Every line of the data should be written out exactly, with the pictures left out.

Records from a collection
□ □ □ □
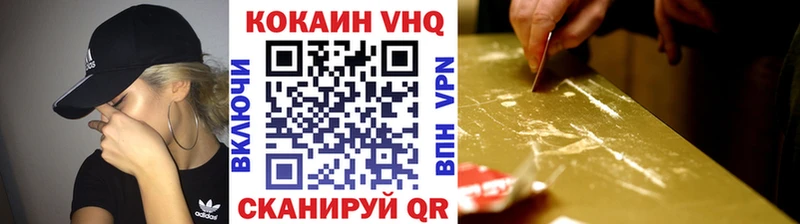 КОКАИН Эквадор  мега онион  Мезень 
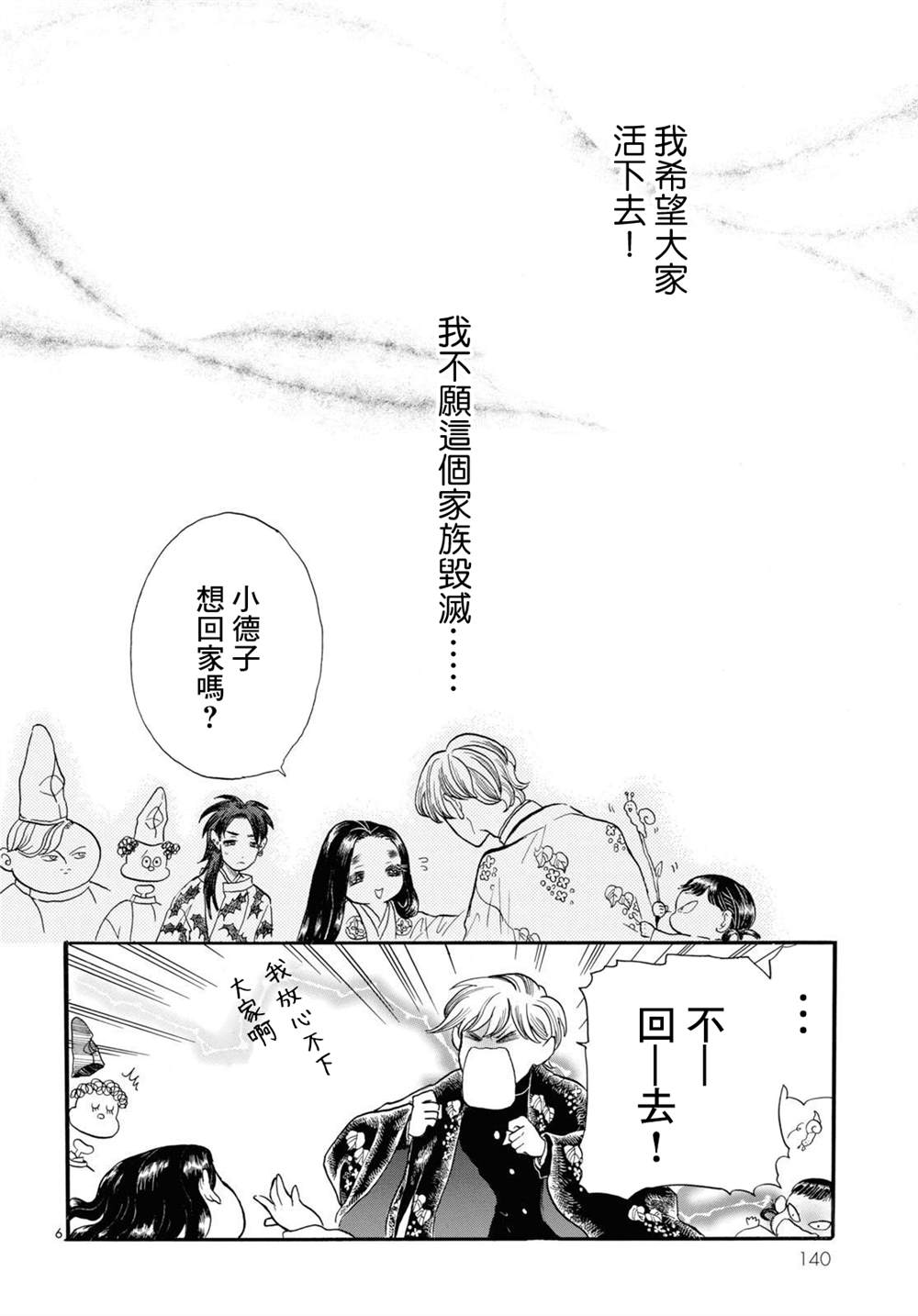 《平家物语夜异闻》漫画最新章节第13话免费下拉式在线观看章节第【6】张图片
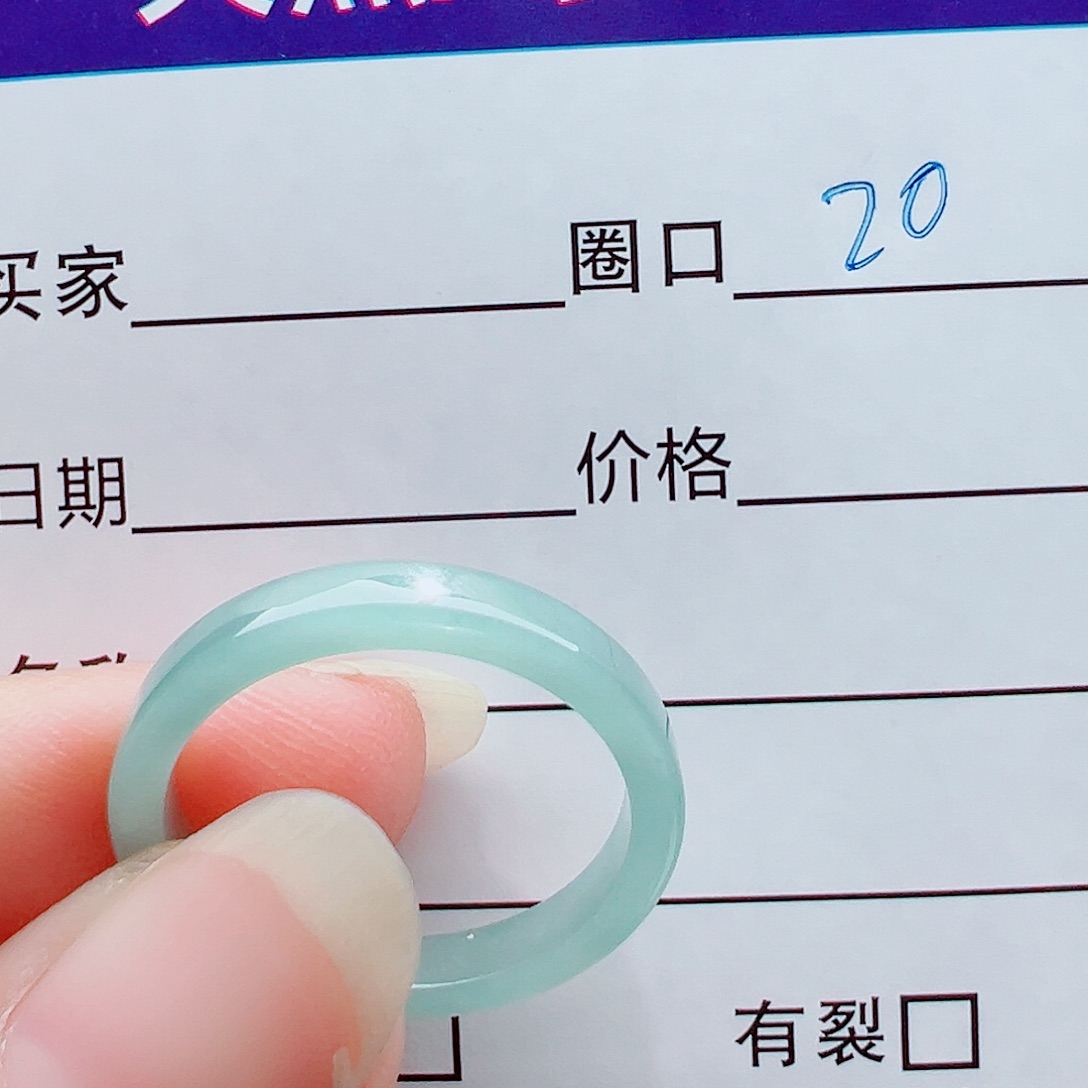 未镶嵌戒指翡翠荃*七戒圈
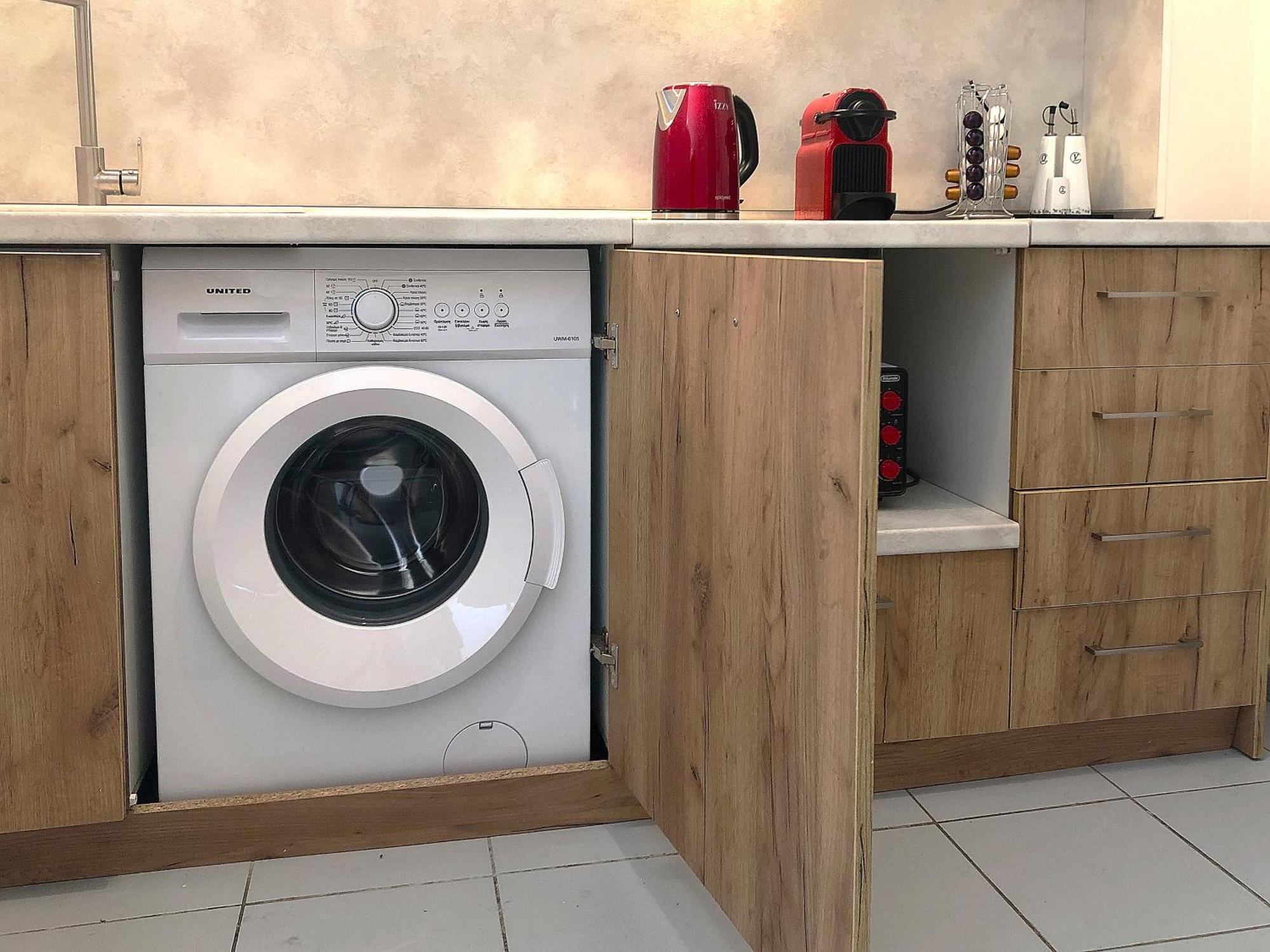 Apartament Nostos Luxury Apartment-perfect Hospitality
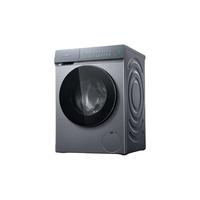 西门子10KG滚筒家用全自动iQ300蒸汽除菌变频洗衣机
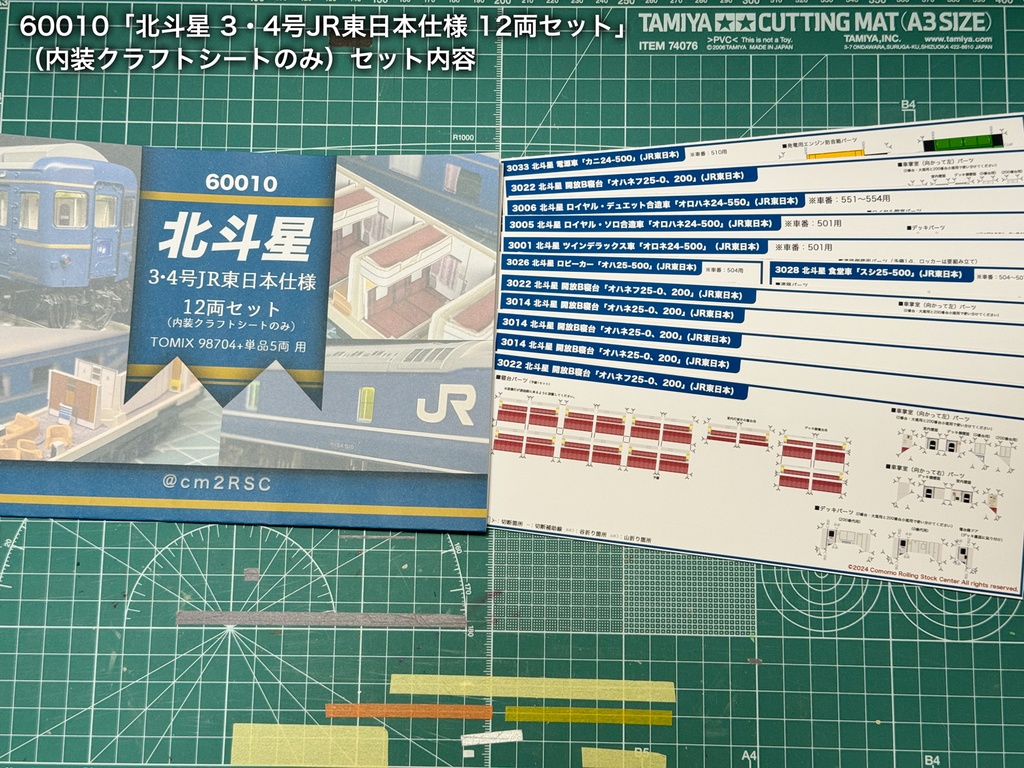 60010 北斗星3・4号JR東日本仕様12両用内装パーツセット(98704 北斗星JR東日本仕様基本セットB、単品オハネフ2両、単品オハネ3両用)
□ □ □ □
> _Solution below_
 КОКАИН Эквадор  мега онион  Мезень 
 《平家物语夜异闻》漫画最新章节第13话免费下拉式在线观看章节第【6】张图片
 未镶嵌戒指翡翠荃*七戒圈
 Apartament Nostos Luxury Apartment-perfect Hospitality
 西门子10KG滚筒家用全自动iQ300蒸汽除菌变频洗衣机
 60010 北斗星3・4号JR東日本仕様12両用内装パーツセット(98704 北斗星JR東日本仕様基本セットB、単品オハネフ2両、単品オハネ3両用)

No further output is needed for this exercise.